The graphic design may not be extraordinarily beautiful, but the content is not necessarily intended to be read via an HTML page. Instead the content is intended to be read from inside one’s favorite RSS reader. Planet not only aggregates content but syndicates it too. Very, very nice.

What I learned

I learned a number of things from this process. First I learned that standards evolve. “Duh!”

Second, my understanding of open source software and its benefits was re-enforced. I would not have been able to do nearly as much if it weren’t for open source software.
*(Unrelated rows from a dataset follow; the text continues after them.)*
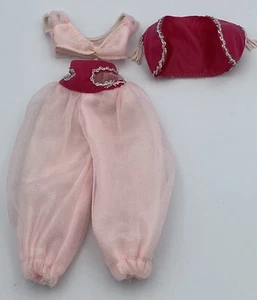 Mattel V0440 Barbie Puppe Pink Label I Dream of Jeannie 2010 Outfit Only Harem - Bild 1 von 3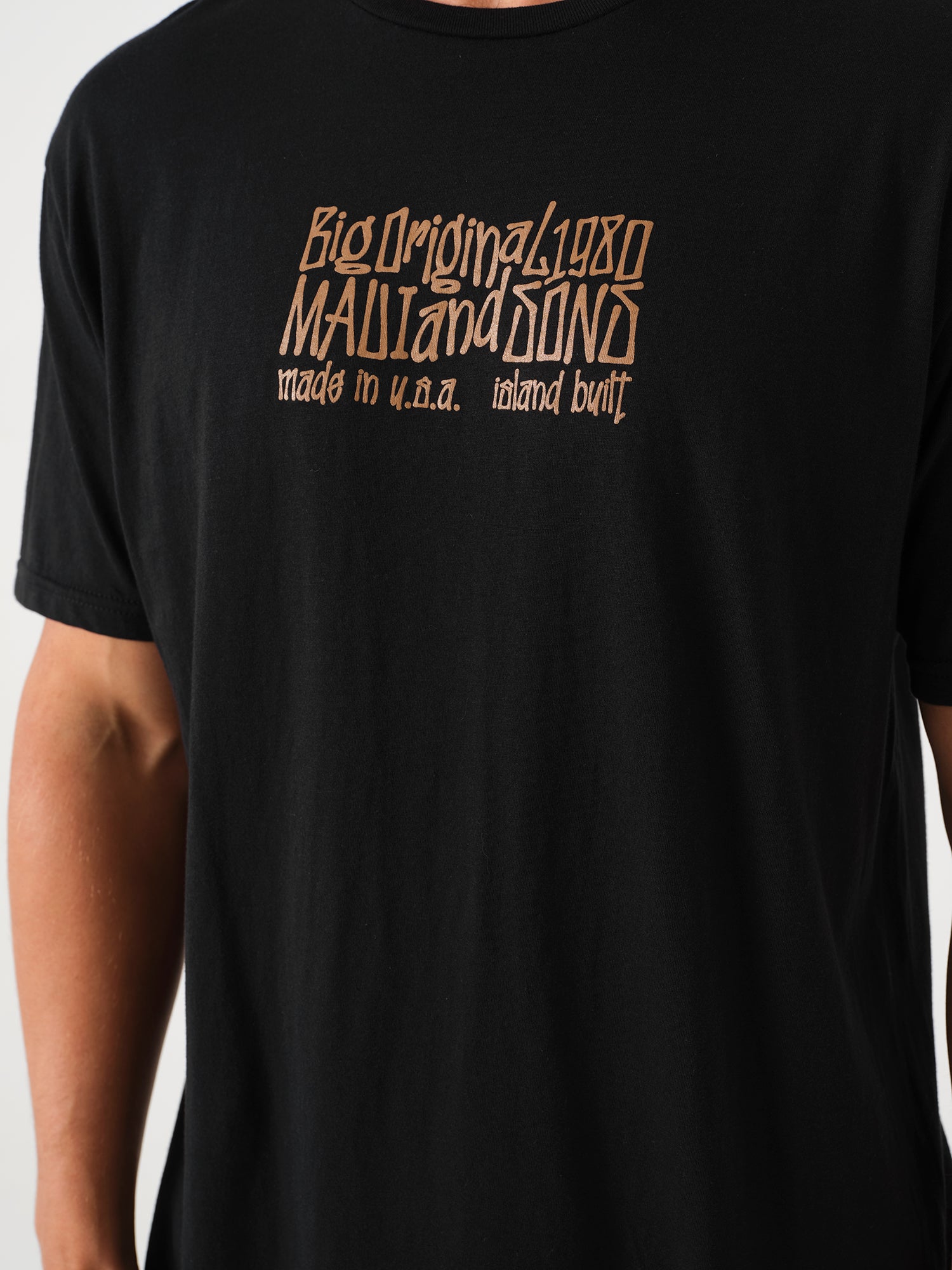 Maui and Sons Island Built t-shirt nera grafica cotone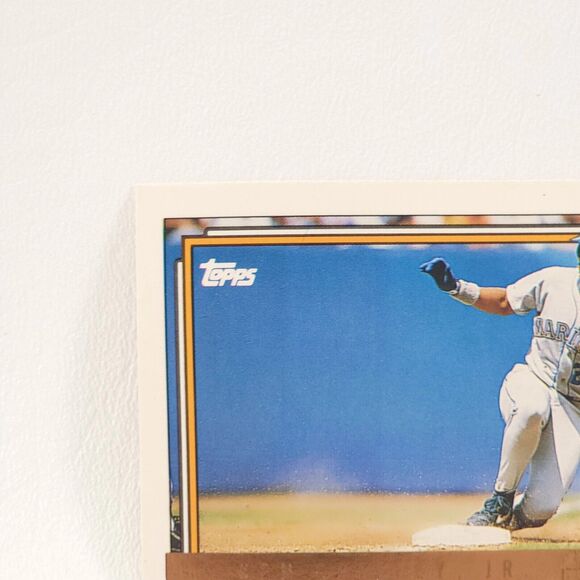 1992 Topps Gold Winner #50 Ken Griffey Jr Seattle Mariners NM The Kingdome - Picture 2 of 10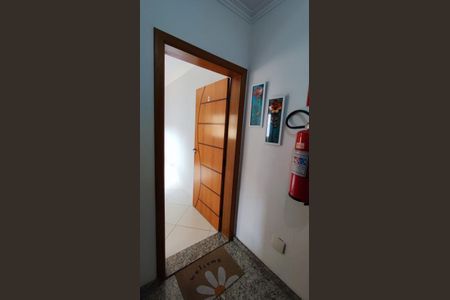 1_photo/94ce425a8f.ceff8192393c33de-ATLAS-7bbae16d-38e4-4055-ae07-497b4e60b51e.jpg de casa à venda com 2 quartos, 76m² em Vila Scarpelli, Santo André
Third, the process provided me with a means to reflect on the processes of librarianship. My particular processes for syndicating content needed to evolve in order to remain relevant. I had to go back and modify a number of my programs in order for everything to work correctly and validate. The library profession seemingly hates to do this. We have a mindset of “Mark it and park it.” We have a mindset of “I only want to touch book or record once.” In the current environment, this is not healthy. Change is more the norm than not. The profession needs to embrace change, but then again, all institutions, almost by definition, abhor change. What’s a person to do?

Forth, the process enabled me to come up with a new quip. The written word read transcends both space and time. Fun!?

Finally, here’s an idea for the progressive librarians in the crowd. Use the Planet software to aggregate RSS fitting your library’s collection development policy. Programatically loop through the resulting links to copy/mirror the remote content locally. Curate the resulting collection. Index it. Integrate the subcollection and index into your wider collection of books, jourals, etc. Repeat.